EXERCISE
Go through the listing and repeat each entry exactly, but include no pictures.

ENTRIES SHOWN
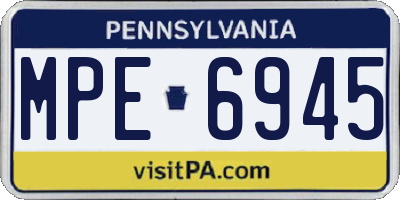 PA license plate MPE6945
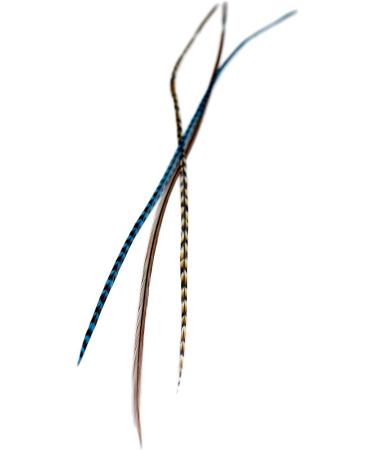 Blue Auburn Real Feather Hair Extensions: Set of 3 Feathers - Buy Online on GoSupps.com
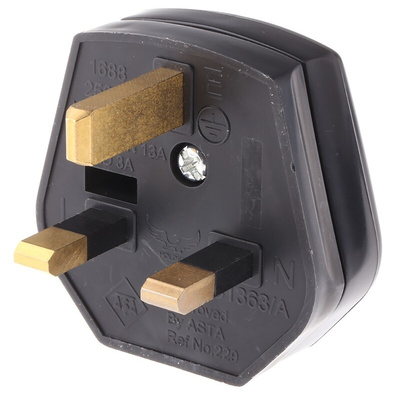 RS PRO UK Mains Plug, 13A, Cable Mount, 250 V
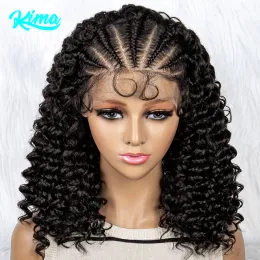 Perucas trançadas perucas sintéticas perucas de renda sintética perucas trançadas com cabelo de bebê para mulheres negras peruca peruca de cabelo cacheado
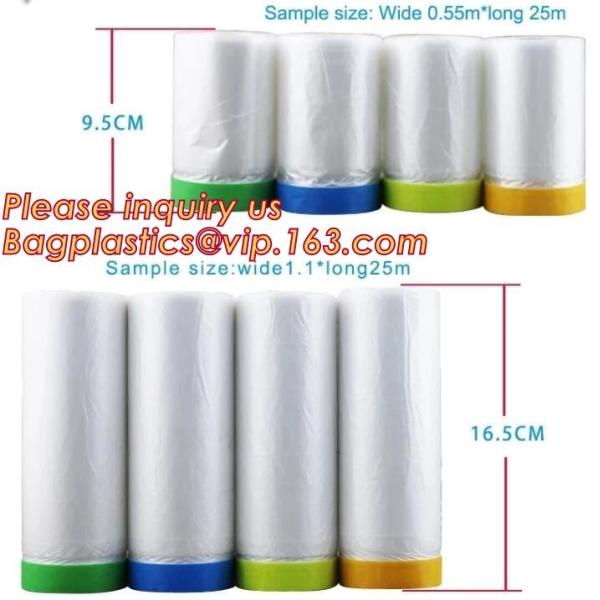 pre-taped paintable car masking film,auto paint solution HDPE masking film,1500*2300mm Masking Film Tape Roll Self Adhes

RESULT OF THE EXERCISE
 PA license plate MPE6945
 Blue Auburn Real Feather Hair Extensions: Set of 3 Feathers - Buy Online on GoSupps.com
 RS PRO UK Mains Plug, 13A, Cable Mount, 250 V
 Perucas trançadas perucas sintéticas perucas de renda sintética perucas trançadas com cabelo de bebê para mulheres negras peruca peruca de cabelo cacheado
 pre-taped paintable car masking film,auto paint solution HDPE masking film,1500*2300mm Masking Film Tape Roll Self Adhes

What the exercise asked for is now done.